Re: vocabs, metadata set, datasets from Mark van Assem on 2011-01-07 (public-xg-lld@w3.org from January 2011)

From: Mark van Assem <mark@cs.vu.nl>
Date: Fri, 07 Jan 2011 11:05:02 +0100
To: "ZENG, MARCIA" <mzeng@kent.edu>
CC: Karen Coyle <kcoyle@kcoyle.net>, Emmanuelle Bermes <emmanuelle.bermes@bnf.fr>, "public-xg-lld@w3.org" <public-xg-lld@w3.org>
Message-ID: <4D26E54E.4080502@cs.vu.nl>
Thanks all for the feedback!

I've tried to address all your points in de value vocab description:

- "A dataset is a collection of structured metadata records"

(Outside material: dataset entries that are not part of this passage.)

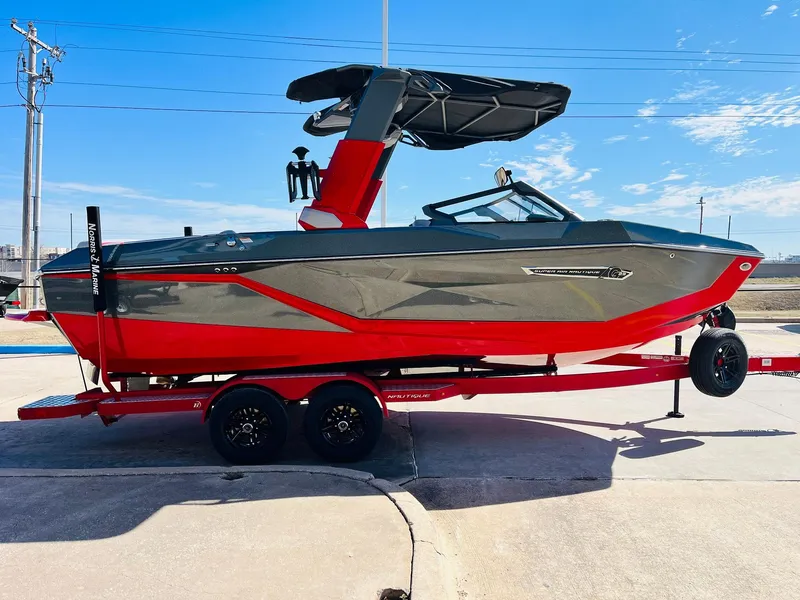 Slide: The Image of 2025 Nautique Super Air Nautique G23 boat on trailer, red and gray design. - 5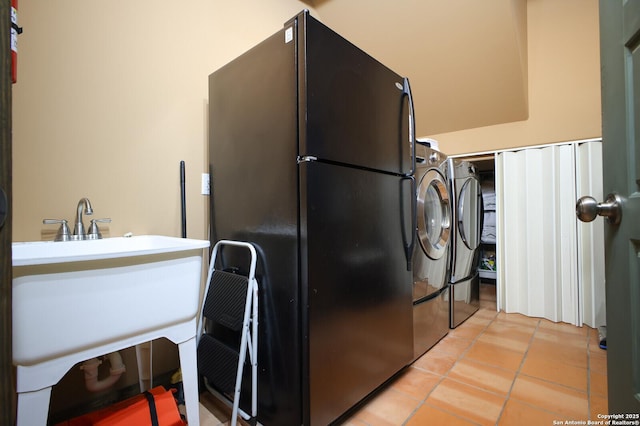 washroom featuring a sink, laundry area, light tile patterned floors, and washer / clothes dryer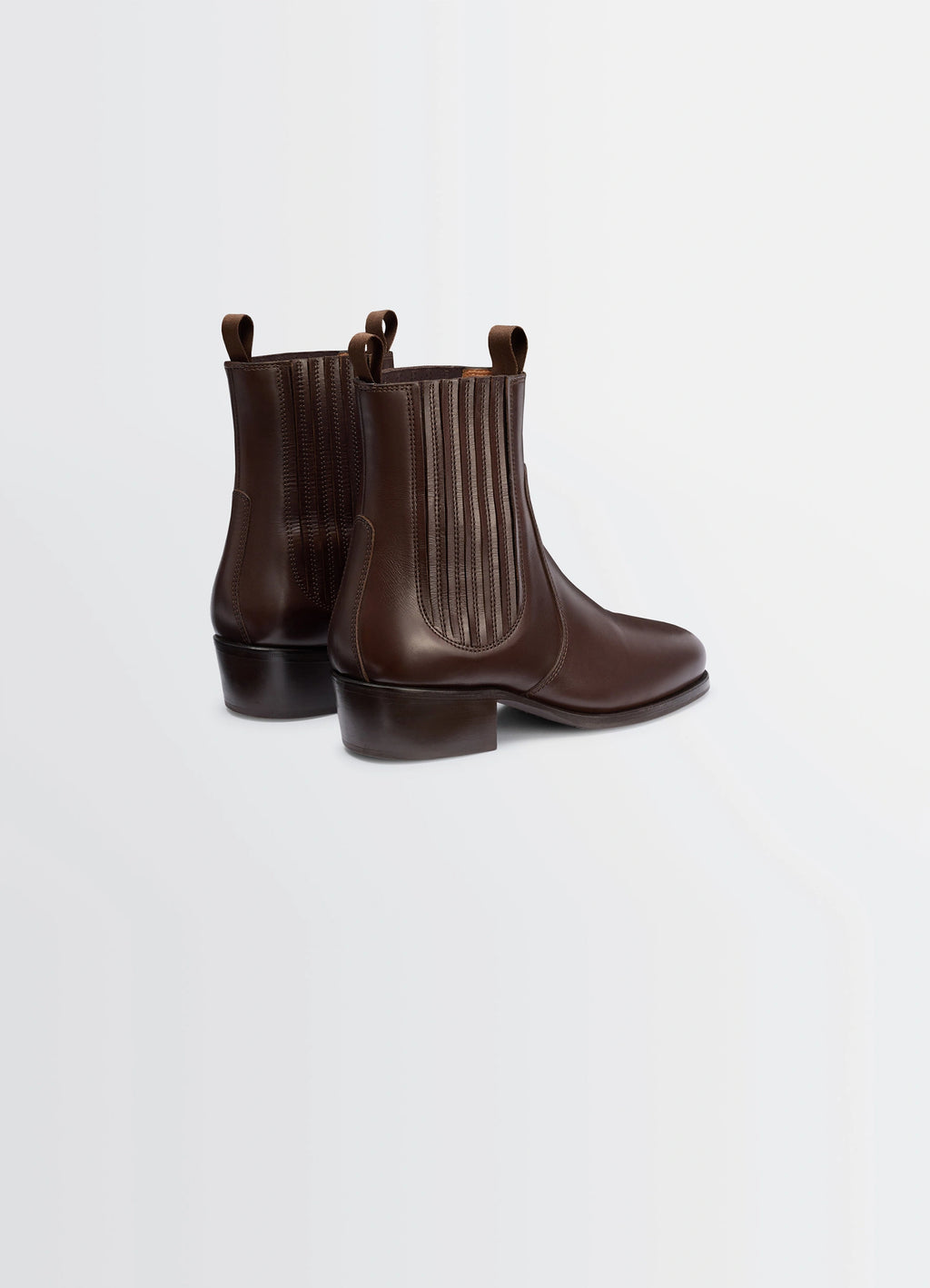 Chelsea boots in vegetable-tanned leather, product shot, back angle view pull tabs visible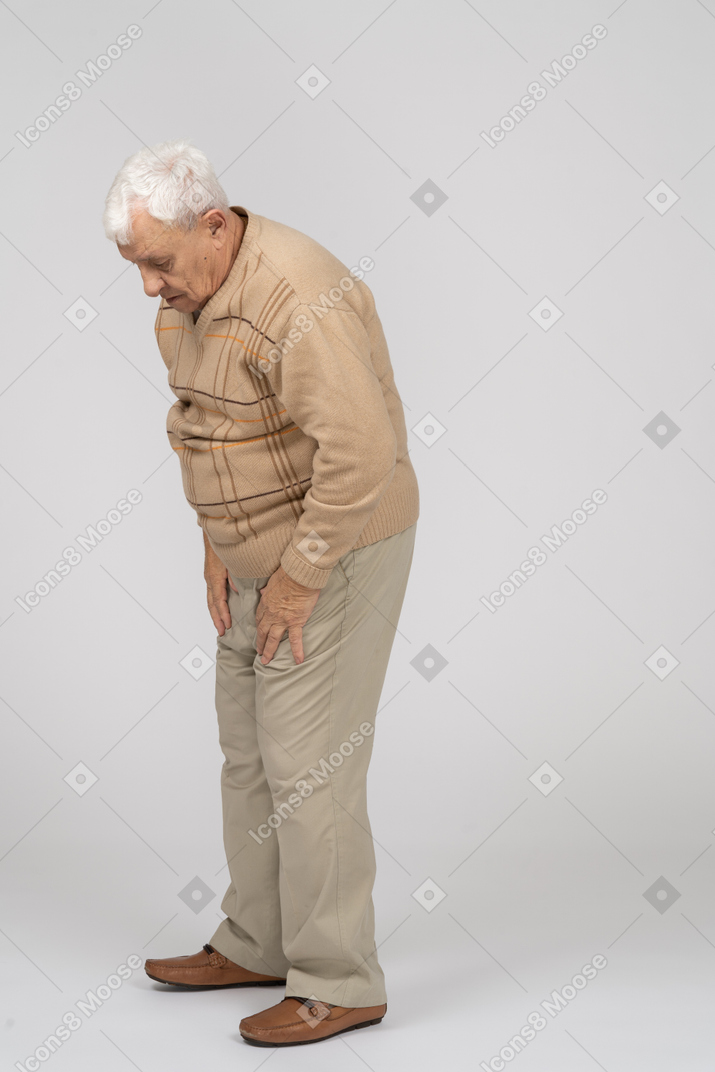 Вид сбоку грустного старика в повседневной одежде, смотрящего вниз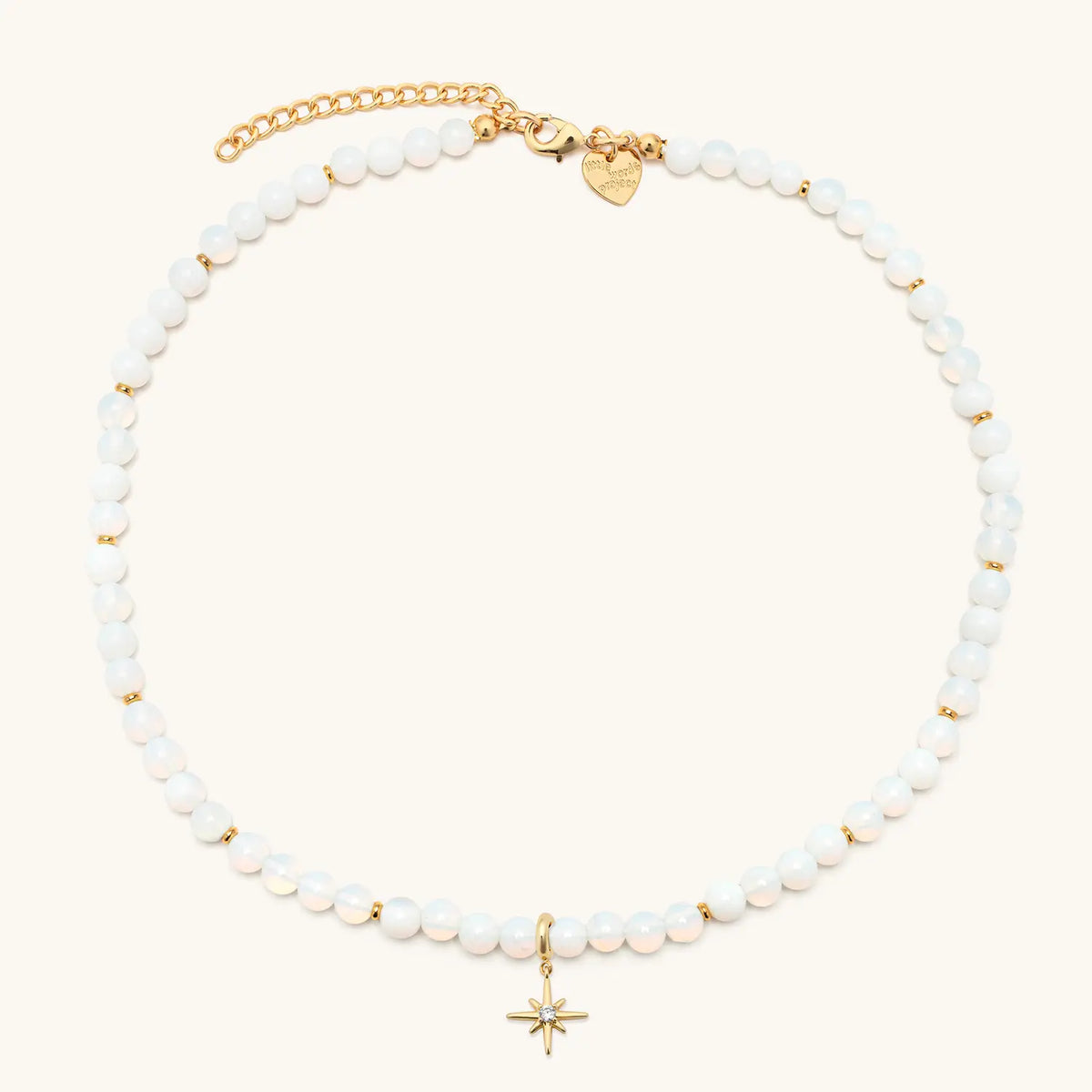 Opal Light Charm Necklace with the gold starburst charm clipped on, white beads with gold accents and gold extender chain, flat-lay on cream background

- added some more "similar terms", including KOS, gazetteer, authority 
file, concept scheme

- "They are "building blocks" with which metadata records can be built."

Re Marcia's point [["For example, in digital gazetteers not only the 
place names are controlled but also the place features, type, 
coordinates, and even maps are included."]]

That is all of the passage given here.